RFuture tryLockInnerAsync(long waitTime=-1, long leaseTime=30*1000, TimeUnit unit= ms, long threadId=666, RedisStrictCommand command) {//… } ‘When leaseTime is not equal to -1, lua will return, without setting the callback function to renew the lock.

TryLock series: Let the caller decide what to do if the lock fails

If multiple nodes call lock, the thread subscribing to the node that did not acquire the lock will block until the node that originally held the lock is deleted and publishes lockpubsub.unlock_message. But what if the caller doesn’t want to block? He might think: If the lock fails, I’ll just give up.

Purpose of locking:

On the premise of ensuring thread safety, try to make all threads execute successfully on the premise of ensuring thread safety, only let one thread execute successfully. The former is suitable for seckill, order and other operations, hope to do our best to achieve; The latter is used for timed tasks that only one node can execute and should fast-fail if no lock is acquired.

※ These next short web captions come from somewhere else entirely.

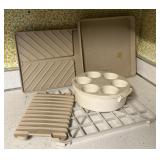 VINTAGE MICROWAVE COOKWARE ANCHOR HOCKING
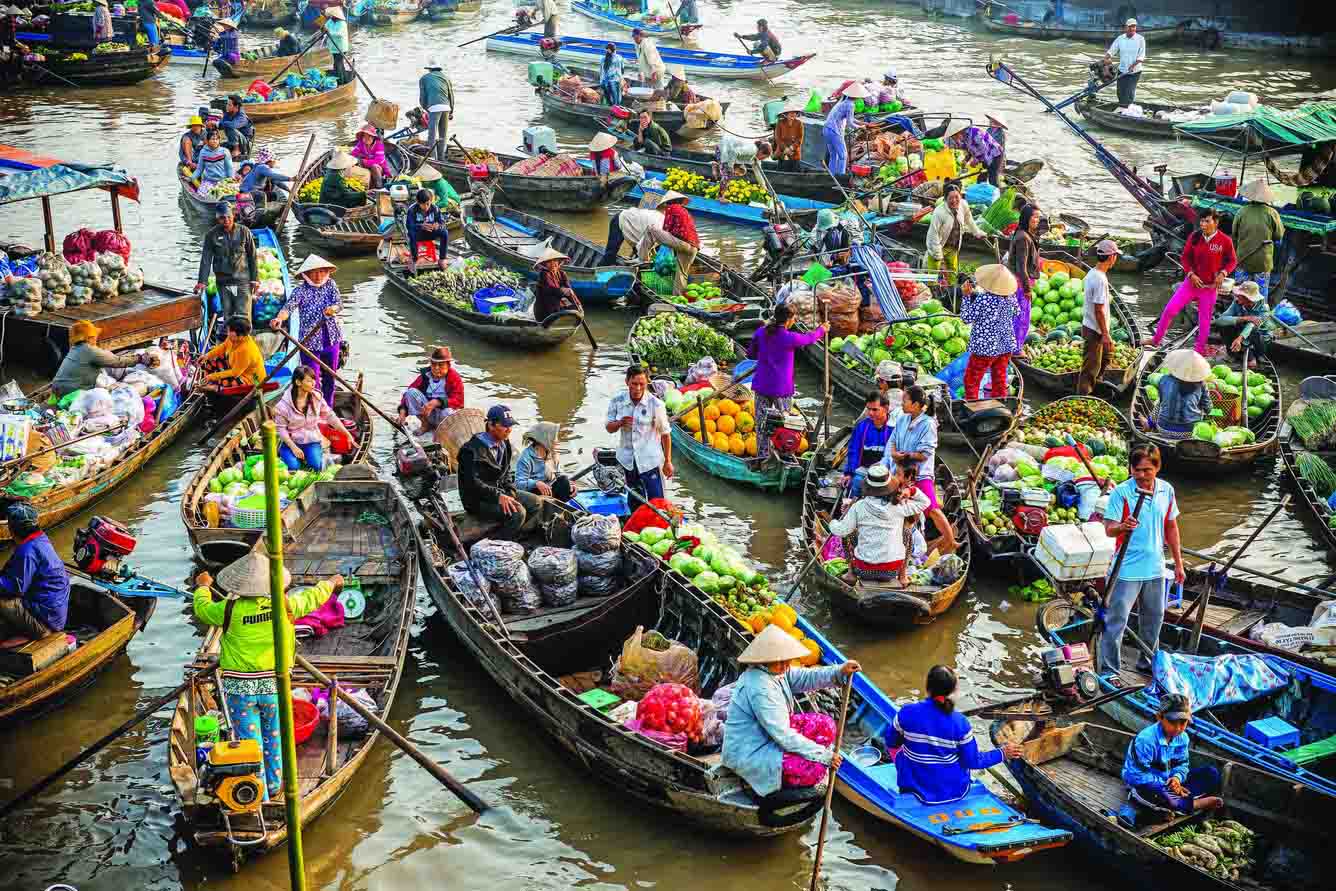 Ngồi thuyền tham quan chợ nổi Cái Răng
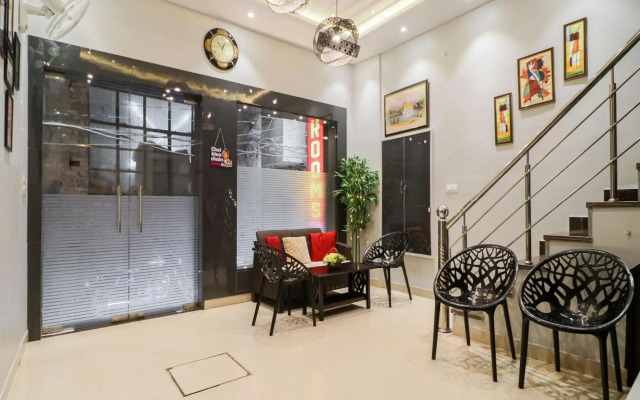 OYO 85906 Hotel Noor Residency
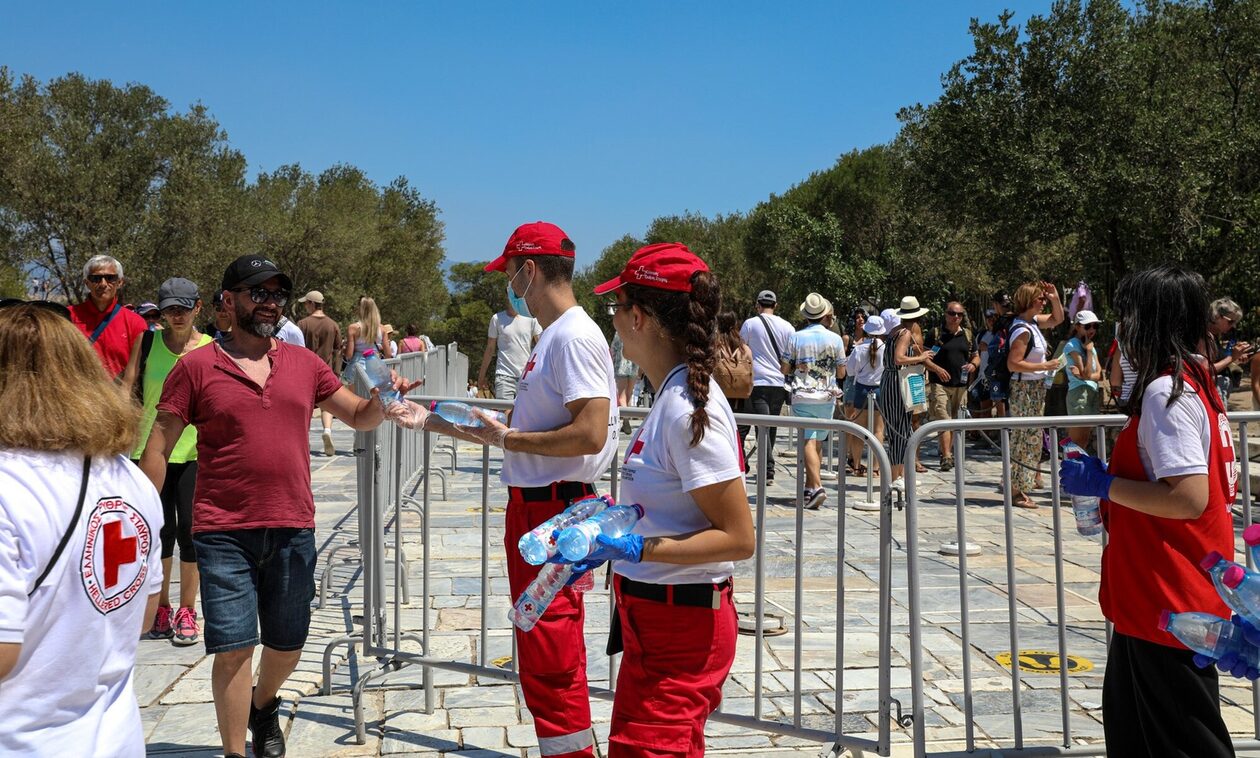 Ελληνικός Ερυθρός Σταυρός: Δράση ενημέρωσης για την αντιμετώπιση των υψηλών θερμοκρασιών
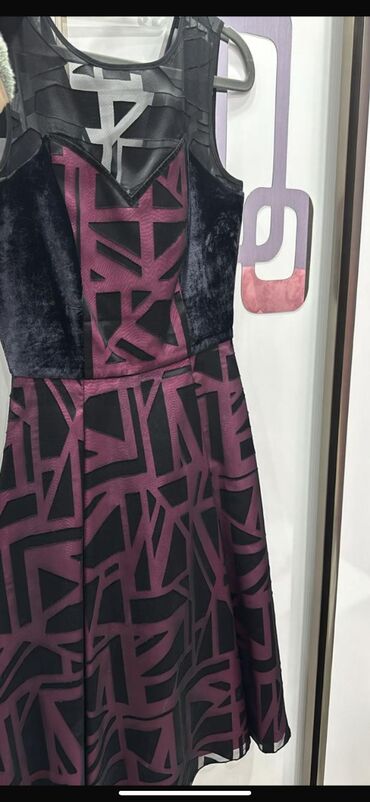 Xonça: Monica ricci brendi .Park bulvardan alınlb.250 azn.satılır 80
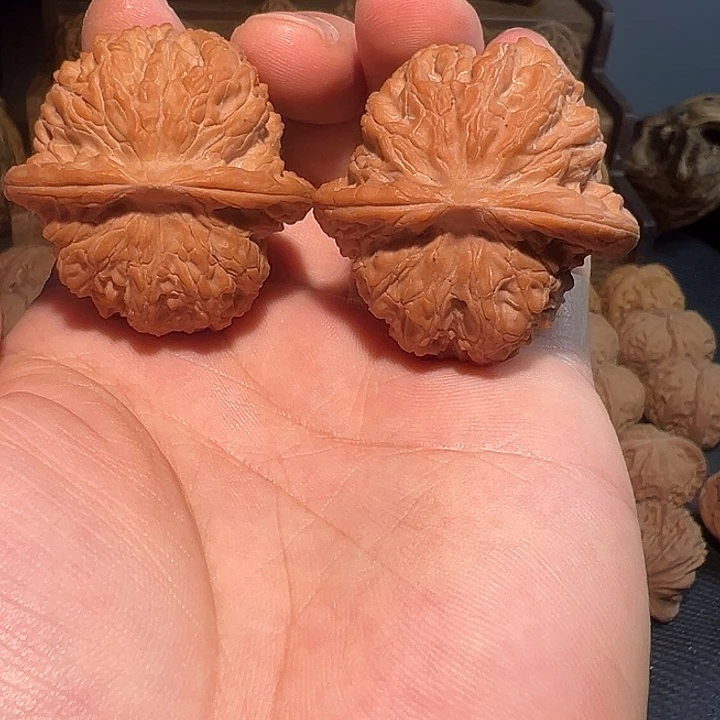 把件文玩核桃40尺全品血麒麟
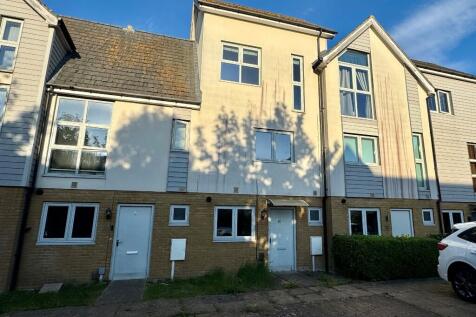 3 bedroom town house for sale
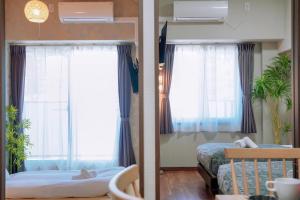 Postel nebo postele na pokoji v ubytování Kuromon Royal Niponbashi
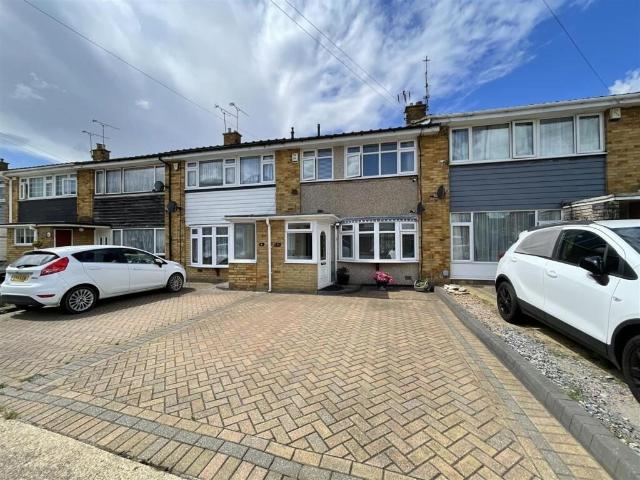 house for rent in Ashdown Close, SS17 7RU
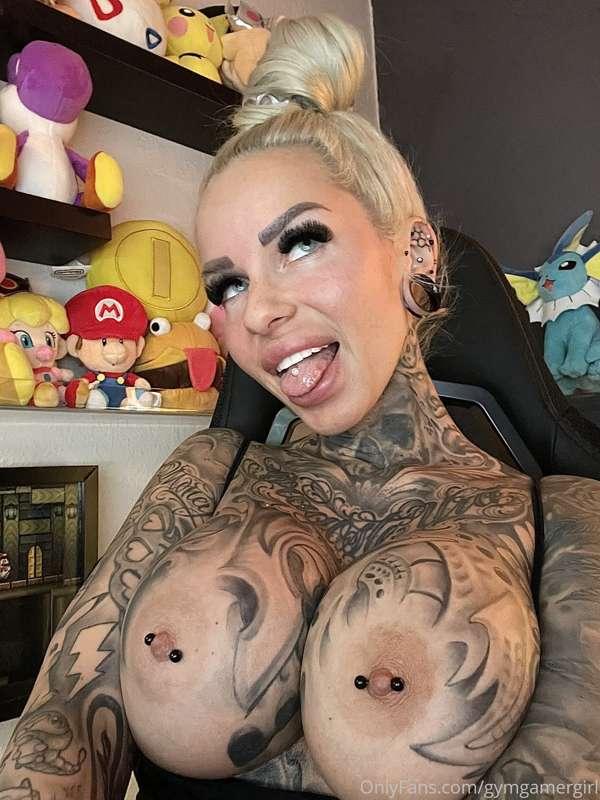 Wanna see me naked while I’m gaming ? 😜💦❤️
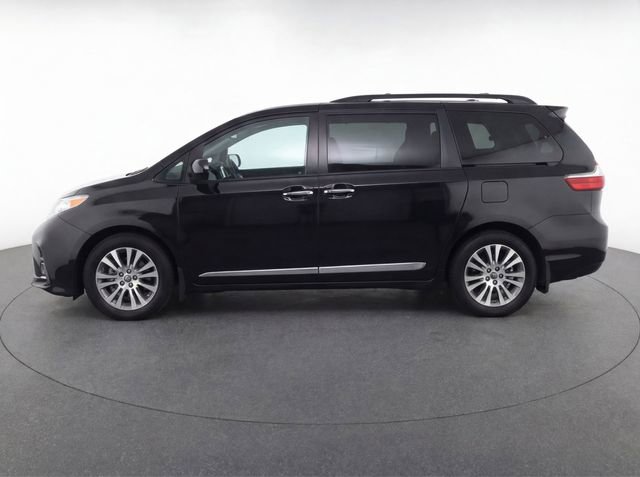 Used 2019 Toyota Sienna XLE w/ XLE Navigation Package FWD image 4
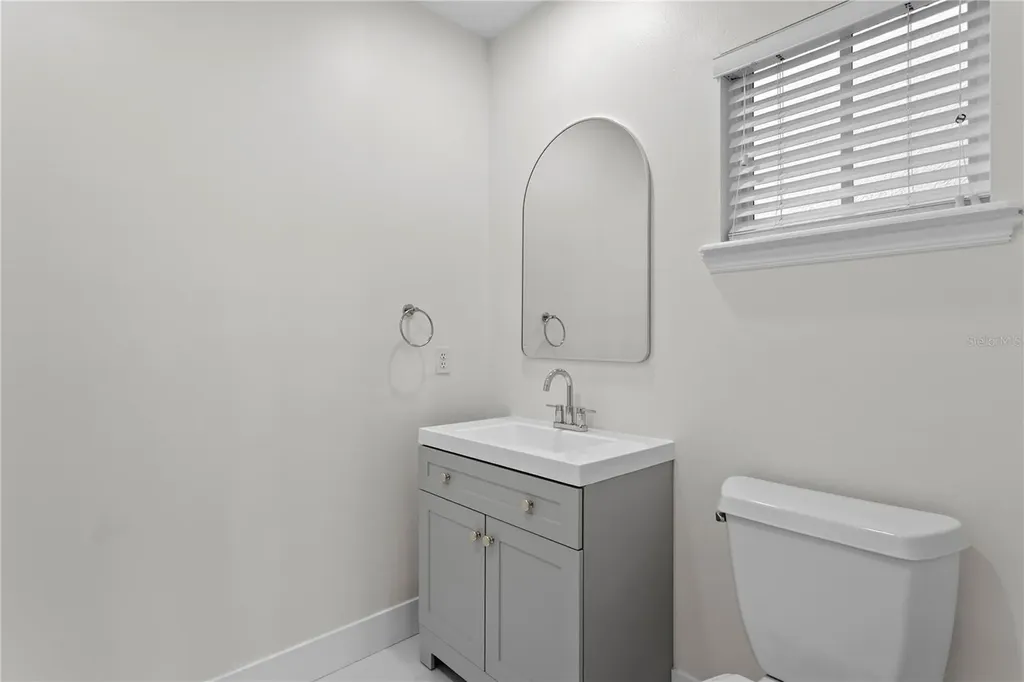 1119 Shipwatch Circle Tampa FL 33602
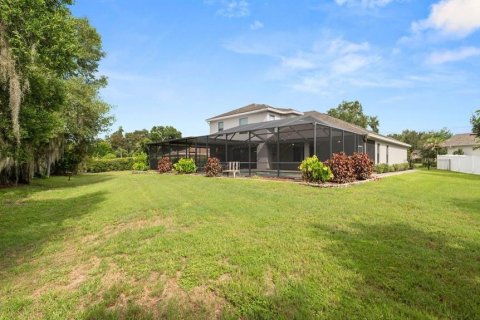 House in Lakeland, Florida 5 bedrooms, 389.73 sq.m. № 2215148 - photo 16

In other words, when a node fails to acquire a lock, it can be handled in various ways:

  • Block waiting for
  • Give up directly
  • Retry N times and abort
  • .

Lock The interface is blocked and waiting after the lock fails

TryLock removes this intermediate judgment and returns the result directly to the caller, who can decide what to do if the lock fails: ‘

@Test public void testTryLock() { RLock lock = redissonClient.getLock(“bravo1988_distributed_lock”); boolean b = lock.tryLock(); If (b) {// Business operation… }

// The call ends immediately without blockingCopy the code

} `

TryLock returns true on success, false on failure. Subsequent operations are up to each node. Lock and tryLock

TryLock, like lock, will trigger lock renewal on success (except that the logic after failure is left to the caller)

Handling after locking failure: @Test public void testLockSuccess() throws InterruptedException { RLock lock = redissonClient.getLock(“bravo1988_distributed_lock”); // This is basically the same as lock(), the lock will automatically renew, but failed to obtain the lock. TryLock (10, timeunit.seconds); TryLock (10, 30, timeunit.seconds); // If the current lock is released within 10 SECONDS, try locking. }

If leaseTime= -1 and leaseTime= -1, the lock will be renewed.

So what does waitTime control?

If tryLock() fails to send the lock, it will return false immediately. If waitTime is set to wait for the lock, leaseTime is set to -1

Defects in Redisson distributed locks

In sentinel or master-slave mode, if the master instance goes down, multiple nodes may be locked at the same time.

Take the master-slave mode as an example. Since all write operations are performed on the master and then synchronized to all slave nodes, the data between the master and each slave node has a certain delay. For the Redisson distributed lock, for example, the client has just written the Redisson lock to the master. The master is then copied asynchronously to each slave node, but the master node is down for too long, and one of the slave nodes is elected to become the master node. Incidentally, this slave (the other slaves are locked) has not been synchronized to the Redissson lock, so other clients may lock again.